Eduardo Galeano - O livro dos abraços

A dignidade da arte



Eu escrevo para os que não podem me ler. Os de baixo, os que esperam há séculos na fila da história, não sabem ler ou não tem com o quê.

Quando chega o desânimo, me faz bem recordar uma lição de dignidade da arte que recebi há anos, num teatro de Assis, na Itália. Helena e eu tínhamos ido ver um espetáculo de pantomima, e não havia ninguém. Ela e eu éramos os únicos espectadores. Quando a luz se apagou, juntaram-se a nós o lanterninha e a mulher da bilheteria. E, no entanto, os atores, mais numerosos que o público, trabalharam naquela noite como se estivessem vivendo a glória de uma estréia com lotação esgotada. Fizeram sua tarefa entregando-se inteiros, com tudo, com alma e vida; e foi uma maravilha.

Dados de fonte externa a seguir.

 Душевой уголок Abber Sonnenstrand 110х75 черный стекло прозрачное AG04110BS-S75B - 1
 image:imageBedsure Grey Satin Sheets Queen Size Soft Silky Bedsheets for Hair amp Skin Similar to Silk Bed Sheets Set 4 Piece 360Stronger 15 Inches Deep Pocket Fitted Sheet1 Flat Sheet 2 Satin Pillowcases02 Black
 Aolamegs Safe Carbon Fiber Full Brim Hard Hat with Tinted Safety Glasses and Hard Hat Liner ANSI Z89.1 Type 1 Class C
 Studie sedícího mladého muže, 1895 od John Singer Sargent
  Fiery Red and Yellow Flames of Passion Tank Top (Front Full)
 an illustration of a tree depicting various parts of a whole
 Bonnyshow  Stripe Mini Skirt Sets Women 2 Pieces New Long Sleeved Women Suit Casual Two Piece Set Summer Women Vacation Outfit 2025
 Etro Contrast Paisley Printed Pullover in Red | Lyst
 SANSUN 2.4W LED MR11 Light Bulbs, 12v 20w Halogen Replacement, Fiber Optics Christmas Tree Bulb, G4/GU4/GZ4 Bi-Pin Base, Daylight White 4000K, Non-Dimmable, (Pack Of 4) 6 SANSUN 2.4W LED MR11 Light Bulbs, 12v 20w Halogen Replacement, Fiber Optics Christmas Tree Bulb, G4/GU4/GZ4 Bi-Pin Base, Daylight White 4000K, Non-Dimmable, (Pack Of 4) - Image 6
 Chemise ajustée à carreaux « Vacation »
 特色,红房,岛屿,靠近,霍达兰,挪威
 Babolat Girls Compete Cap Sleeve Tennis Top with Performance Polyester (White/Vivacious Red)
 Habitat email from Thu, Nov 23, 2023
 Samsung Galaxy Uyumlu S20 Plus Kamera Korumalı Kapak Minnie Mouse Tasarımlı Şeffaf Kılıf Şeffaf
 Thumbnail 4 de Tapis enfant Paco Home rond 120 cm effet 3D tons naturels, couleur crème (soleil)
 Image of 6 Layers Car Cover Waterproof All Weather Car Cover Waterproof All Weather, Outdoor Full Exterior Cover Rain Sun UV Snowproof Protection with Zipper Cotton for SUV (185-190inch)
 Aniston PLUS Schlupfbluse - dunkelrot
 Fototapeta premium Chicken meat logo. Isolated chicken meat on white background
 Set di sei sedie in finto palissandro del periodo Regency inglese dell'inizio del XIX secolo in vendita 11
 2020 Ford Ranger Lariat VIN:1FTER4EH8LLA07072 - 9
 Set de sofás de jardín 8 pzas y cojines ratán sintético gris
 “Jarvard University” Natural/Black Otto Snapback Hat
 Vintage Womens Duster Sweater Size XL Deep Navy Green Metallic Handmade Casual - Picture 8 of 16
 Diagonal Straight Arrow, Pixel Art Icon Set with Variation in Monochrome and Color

Nossos aplausos ressoaram na solidão da sala. Nós aplaudimos até esfolar as mãos.


A função da arte/1



Diego não conhecia o mar. O pai, Santiago Kovadloff, levou-o para que descobrisse o mar. Viajaram para o Sul. Ele, o mar, estava do outro lado das dunas altas, esperando.
Quando o menino e o pai enfim alcançaram aquelas alturas de areia,
depois de muito caminhar, o mar estava na frente de seus olhos. E foi tanta a imensidão do mar, e tanto seu fulgor, que o menino ficou mudo de beleza.
E quando finalmente conseguiu falar, tremendo, gaguejando, pediu ao pai: — Me ajuda a olhar!